Wednesday, 18 October 2017

It was once socially accepted that people were not responsible for acts of a wide variety if the persons engaged in them while intoxicated, even if the intoxication were quite voluntary and the engagement active. Over time that attitude has eroded. After all, a person who chooses to be intoxicated chooses to engage in increased probability that he or she will effect those acts. If a person who chose to drink passes-out on the front lawn, drives his vehicle into a pedestrian, or beats his domestic partner, few people would insist that he didn't choose to do such a thing. And, should we meet one of those few people, we rightly suspect that they cannot be trusted to use intoxicants responsibly.

In response to the campaign of Bernard (Bernie) Sanders, a great many people embraced things that they called democratic socialism. They didn't actually agree amongst themselves as to what this term meant. Many of them insisted that democratic socialism weren't socialism, which insistence did not provoke as often as it should a question as to why then its name should contain socialism. The answer simply was that Sanders had long referred to what he advocated with this term; they were stuck with socialism if they held onto Sanders. Whether they admitted that democratic socialism referred to socialism or not, all of the folk calling for something by that name sought to neutralize the dire associations of socialism with various outcomes that had been observed when regimes had been identified by that label. And all of these folk, whether or not they acknowledged that they were referring to socialism, agreed that what they called democratic socialism would indeed be democratic.

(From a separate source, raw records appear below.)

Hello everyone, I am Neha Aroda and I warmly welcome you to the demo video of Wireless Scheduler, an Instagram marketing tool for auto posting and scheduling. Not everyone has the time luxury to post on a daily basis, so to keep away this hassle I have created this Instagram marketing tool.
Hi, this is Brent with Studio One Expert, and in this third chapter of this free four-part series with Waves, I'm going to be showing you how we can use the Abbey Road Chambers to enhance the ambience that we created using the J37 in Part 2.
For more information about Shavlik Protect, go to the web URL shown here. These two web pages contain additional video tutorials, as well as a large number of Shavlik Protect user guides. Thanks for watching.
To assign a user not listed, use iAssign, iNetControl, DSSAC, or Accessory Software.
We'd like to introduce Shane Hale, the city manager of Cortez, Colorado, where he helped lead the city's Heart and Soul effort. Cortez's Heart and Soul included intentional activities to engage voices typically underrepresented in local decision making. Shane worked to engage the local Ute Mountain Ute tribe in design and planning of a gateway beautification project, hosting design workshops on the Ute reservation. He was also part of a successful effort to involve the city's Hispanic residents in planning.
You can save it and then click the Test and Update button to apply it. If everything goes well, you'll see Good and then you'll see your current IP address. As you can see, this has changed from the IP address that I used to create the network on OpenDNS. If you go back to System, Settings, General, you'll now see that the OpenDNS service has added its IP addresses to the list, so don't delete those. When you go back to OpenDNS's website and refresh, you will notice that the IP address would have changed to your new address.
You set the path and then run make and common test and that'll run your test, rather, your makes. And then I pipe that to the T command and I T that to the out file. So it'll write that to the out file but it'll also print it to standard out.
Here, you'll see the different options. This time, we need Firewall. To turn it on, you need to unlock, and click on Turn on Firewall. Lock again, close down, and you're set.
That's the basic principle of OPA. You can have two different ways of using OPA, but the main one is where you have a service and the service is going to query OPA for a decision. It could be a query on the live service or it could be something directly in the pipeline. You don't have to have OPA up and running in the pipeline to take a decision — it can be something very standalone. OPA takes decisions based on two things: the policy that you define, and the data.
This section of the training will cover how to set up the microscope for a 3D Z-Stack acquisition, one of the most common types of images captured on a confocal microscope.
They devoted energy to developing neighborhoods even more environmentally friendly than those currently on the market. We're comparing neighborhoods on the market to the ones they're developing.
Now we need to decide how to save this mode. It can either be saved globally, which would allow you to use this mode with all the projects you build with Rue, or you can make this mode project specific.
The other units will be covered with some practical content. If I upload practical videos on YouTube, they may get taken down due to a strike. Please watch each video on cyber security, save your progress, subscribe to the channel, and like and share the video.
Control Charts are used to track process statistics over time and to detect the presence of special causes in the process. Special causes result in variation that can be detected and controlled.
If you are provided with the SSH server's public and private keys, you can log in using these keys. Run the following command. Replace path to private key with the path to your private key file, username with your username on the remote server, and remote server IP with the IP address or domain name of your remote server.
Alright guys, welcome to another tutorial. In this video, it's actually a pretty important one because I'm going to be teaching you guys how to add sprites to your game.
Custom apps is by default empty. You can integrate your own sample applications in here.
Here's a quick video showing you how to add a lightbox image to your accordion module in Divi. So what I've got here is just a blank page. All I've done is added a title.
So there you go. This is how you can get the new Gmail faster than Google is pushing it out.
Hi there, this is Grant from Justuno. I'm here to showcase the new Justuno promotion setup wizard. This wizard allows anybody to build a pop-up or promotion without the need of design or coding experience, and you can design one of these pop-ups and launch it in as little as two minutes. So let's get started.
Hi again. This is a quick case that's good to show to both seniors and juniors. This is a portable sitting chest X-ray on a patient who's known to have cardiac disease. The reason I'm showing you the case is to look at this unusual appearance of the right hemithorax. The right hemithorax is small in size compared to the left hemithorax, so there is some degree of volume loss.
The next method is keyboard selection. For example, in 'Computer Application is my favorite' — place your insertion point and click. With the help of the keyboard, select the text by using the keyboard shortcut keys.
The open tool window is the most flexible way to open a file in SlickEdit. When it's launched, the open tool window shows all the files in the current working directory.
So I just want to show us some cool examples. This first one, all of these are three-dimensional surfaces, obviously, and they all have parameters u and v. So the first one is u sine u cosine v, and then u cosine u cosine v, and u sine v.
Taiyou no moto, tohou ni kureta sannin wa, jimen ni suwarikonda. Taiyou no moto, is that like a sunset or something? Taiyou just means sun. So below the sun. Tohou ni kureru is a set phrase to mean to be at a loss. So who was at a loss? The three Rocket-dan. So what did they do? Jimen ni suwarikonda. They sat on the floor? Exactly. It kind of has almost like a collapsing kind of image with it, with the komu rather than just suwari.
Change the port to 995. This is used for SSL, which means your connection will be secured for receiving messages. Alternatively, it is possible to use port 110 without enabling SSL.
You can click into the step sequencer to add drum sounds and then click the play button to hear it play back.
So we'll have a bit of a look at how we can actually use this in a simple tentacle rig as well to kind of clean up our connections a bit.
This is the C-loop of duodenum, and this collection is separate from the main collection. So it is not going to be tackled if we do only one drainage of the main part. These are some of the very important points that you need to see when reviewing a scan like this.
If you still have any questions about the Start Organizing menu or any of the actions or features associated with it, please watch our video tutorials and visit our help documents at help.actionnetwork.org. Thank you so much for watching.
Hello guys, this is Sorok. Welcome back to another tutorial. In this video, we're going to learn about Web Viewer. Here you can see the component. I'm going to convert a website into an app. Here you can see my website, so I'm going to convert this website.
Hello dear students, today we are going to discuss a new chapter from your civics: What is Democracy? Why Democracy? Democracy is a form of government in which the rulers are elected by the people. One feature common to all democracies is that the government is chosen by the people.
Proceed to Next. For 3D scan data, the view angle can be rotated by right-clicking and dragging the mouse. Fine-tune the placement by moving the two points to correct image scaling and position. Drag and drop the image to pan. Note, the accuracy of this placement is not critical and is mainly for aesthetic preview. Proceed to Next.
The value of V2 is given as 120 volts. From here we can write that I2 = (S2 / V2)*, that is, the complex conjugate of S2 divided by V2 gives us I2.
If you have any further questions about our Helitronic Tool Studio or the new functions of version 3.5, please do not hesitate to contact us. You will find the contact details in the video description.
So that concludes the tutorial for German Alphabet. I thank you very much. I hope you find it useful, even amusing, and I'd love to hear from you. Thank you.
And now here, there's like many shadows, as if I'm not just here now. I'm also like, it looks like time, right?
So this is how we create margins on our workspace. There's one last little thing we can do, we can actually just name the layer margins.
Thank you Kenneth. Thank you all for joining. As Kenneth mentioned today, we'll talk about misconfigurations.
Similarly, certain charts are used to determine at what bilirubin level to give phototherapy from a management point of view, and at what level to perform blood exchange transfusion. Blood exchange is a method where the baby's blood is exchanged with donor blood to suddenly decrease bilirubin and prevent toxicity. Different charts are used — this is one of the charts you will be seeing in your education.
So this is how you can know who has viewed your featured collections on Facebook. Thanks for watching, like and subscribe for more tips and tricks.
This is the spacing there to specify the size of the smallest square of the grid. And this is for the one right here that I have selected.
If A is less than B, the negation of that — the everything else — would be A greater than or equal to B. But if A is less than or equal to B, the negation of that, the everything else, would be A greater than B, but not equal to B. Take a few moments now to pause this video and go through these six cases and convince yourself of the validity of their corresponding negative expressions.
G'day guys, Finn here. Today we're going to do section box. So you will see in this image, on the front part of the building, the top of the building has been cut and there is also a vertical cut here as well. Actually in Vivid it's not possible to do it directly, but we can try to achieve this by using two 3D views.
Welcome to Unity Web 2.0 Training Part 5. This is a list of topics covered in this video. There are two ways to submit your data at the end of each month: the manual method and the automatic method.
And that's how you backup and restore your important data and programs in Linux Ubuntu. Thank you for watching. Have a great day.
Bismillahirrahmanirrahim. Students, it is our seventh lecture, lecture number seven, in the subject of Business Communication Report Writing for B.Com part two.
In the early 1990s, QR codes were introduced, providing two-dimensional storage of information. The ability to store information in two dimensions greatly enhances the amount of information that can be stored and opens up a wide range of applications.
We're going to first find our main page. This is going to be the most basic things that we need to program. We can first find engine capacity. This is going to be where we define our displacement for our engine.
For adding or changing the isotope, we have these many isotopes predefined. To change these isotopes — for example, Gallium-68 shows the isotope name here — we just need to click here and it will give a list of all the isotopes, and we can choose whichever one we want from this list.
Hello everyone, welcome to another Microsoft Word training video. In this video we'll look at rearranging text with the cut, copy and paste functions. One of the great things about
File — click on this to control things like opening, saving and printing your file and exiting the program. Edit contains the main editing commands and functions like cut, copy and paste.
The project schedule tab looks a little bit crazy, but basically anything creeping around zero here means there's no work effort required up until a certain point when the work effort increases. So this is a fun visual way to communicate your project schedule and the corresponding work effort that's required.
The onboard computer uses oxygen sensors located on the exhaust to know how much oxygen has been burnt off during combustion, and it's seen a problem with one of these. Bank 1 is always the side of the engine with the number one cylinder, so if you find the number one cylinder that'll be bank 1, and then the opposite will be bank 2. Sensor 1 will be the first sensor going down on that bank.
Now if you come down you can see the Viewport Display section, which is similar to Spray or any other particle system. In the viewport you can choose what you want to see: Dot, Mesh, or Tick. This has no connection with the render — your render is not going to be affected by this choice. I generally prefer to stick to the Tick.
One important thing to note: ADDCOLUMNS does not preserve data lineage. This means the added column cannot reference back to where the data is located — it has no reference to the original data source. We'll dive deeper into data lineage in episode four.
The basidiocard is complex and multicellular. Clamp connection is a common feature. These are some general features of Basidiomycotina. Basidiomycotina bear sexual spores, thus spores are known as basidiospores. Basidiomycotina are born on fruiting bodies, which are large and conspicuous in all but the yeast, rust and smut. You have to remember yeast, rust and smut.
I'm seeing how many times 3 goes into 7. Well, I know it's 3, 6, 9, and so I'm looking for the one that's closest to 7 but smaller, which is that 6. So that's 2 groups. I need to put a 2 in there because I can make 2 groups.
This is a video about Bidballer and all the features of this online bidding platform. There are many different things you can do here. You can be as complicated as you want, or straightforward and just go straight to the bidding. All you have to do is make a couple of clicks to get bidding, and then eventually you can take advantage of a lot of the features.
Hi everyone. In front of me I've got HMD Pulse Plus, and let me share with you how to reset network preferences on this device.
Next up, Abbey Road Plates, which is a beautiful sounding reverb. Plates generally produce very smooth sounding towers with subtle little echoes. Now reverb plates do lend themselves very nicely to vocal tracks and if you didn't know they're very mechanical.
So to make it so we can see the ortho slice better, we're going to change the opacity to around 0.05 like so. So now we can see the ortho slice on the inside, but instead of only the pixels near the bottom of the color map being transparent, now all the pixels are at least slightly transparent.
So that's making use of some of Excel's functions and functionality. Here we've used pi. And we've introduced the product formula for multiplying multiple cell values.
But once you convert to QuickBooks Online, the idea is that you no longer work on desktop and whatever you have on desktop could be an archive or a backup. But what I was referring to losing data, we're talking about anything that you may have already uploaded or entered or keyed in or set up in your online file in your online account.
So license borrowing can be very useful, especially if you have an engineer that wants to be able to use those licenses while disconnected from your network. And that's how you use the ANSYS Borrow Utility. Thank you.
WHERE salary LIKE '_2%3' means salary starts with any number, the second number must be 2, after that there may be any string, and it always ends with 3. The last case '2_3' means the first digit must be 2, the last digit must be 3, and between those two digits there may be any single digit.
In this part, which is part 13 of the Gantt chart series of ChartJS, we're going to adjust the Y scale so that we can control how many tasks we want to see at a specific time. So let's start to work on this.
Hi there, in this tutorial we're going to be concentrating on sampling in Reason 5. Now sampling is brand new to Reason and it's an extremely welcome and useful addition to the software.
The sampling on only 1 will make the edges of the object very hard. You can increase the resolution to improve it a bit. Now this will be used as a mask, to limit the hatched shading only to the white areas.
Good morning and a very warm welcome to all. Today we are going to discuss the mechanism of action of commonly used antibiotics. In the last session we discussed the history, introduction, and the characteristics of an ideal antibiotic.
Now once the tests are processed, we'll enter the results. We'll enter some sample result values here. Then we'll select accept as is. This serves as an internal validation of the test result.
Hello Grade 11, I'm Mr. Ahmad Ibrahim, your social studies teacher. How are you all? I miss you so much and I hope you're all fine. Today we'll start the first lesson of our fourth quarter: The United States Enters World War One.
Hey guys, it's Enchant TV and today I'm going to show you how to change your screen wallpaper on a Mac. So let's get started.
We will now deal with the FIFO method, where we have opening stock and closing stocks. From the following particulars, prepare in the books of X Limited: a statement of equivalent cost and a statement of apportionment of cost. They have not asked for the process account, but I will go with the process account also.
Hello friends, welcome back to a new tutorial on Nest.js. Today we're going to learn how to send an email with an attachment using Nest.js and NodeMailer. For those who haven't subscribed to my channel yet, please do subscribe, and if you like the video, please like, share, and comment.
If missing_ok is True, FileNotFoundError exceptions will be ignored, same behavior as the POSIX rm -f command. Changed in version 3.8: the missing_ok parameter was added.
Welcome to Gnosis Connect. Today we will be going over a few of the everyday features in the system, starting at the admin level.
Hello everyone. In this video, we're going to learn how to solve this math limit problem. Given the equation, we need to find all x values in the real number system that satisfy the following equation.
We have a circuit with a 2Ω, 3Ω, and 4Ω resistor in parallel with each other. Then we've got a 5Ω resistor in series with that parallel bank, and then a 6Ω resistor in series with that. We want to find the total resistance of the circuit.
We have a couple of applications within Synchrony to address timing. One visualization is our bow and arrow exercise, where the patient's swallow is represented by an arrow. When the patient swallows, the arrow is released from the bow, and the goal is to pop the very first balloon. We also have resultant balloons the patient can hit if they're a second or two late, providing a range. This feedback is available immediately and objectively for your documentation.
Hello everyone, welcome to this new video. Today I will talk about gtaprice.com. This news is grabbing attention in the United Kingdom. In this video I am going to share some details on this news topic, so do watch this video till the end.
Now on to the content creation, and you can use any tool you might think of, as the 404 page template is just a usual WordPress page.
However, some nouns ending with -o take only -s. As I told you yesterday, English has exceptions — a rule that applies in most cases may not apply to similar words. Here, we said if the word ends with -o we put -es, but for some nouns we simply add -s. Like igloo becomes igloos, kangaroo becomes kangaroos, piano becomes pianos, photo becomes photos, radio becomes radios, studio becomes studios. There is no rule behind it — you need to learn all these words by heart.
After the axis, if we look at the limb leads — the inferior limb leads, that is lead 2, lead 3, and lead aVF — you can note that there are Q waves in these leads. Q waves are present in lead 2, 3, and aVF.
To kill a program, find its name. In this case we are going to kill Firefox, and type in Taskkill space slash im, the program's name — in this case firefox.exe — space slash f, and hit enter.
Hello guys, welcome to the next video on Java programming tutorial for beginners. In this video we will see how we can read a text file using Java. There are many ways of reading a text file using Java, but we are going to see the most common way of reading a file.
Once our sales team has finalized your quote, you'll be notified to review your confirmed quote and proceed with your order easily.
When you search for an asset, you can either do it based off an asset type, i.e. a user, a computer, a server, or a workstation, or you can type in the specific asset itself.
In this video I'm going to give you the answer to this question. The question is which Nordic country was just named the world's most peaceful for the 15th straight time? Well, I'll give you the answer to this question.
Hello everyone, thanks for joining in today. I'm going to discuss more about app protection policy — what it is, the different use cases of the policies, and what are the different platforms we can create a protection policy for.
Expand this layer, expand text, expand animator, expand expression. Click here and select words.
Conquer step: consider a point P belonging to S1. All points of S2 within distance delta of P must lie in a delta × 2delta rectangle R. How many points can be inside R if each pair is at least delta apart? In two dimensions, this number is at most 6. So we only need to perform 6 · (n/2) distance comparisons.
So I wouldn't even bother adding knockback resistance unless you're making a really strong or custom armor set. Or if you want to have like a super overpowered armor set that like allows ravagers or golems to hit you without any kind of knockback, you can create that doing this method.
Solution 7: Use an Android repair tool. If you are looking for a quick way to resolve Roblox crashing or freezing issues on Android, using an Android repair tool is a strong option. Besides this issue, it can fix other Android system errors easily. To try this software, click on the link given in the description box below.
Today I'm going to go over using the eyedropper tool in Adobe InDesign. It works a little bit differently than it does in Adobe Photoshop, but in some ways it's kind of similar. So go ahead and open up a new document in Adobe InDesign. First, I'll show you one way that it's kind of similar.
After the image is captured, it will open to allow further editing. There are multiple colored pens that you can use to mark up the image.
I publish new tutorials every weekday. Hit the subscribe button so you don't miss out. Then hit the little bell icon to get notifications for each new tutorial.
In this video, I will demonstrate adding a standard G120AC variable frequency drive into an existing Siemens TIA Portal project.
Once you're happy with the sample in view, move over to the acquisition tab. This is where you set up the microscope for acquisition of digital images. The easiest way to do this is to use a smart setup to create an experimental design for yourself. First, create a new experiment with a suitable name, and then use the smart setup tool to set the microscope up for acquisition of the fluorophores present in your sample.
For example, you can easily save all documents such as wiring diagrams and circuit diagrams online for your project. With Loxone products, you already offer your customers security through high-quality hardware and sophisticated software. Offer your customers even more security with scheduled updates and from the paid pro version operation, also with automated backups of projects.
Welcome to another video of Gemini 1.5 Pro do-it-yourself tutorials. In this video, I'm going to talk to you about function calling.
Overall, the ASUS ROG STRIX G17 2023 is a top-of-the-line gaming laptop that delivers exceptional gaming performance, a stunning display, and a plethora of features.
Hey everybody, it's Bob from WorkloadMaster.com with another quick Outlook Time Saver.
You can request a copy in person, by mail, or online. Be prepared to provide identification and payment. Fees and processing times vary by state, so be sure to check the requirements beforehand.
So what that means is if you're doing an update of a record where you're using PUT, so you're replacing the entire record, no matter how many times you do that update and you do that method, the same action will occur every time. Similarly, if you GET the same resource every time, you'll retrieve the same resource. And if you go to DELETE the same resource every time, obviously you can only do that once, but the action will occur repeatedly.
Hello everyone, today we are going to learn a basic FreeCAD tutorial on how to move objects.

That insistence has afforded them a rhetorical ploy for dealing not only with socialistic regimes that were never democratic, but with socialistic regimes that have lost popular support, such as that in Venezuela. Absenting that support, these regimes are said not to be democratic, and hence plainly not to represent whatever might properly be called democratic socialism. But when a socialistic regime is brought to power by democratic means, in a framework of law that was effected by democratic means, and then uses that law to take unpopular actions, to insist that the regime is undemocratic begins to resemble claiming that the neighbors passed-out on the lawn, driving their cars into pedestrians, or beating their domestic partners did not choose to do such things. Oh yes they did. And anyone who insists otherwise is to be regarded as dangerous with the relevant intoxicants, including ballots.

Indeed, for most of recent history, popular opinion was not treated as particularly important in application to America by most Americans who came to call for democratic socialism. They had earlier thought it perfectly democratic when the Democratic Party, democratically elected to majority control of both Chambers of Congress and to the Presidency, effected various measures that were in fact widely unpopular with the more general population. President Obama advised the Republicans to win some elections. When they did, so that the Democrats lost first the House of Representatives and then the Senate, he and most of these folk for democratic socialism held to the idea that his democratic election to the Presidency legitimized his actions in defiance both of the votes of the Congress and of popular opinion amongst the wider population. Popular opinion in Venezuela and elsewhere has emerged as ostensibly relevant to democratic socialism exactly and only because, once again, socialism — even socialism within a framework democratically effected — has devolved as it always will if allowed to persist. There is no magic in democracy.

The state is a terrible institution, to be checked by an institutional framework that resists its growth, instead of enabled to grow by fantasies that amateurs or experts can use it expansively to bring about a more humane world.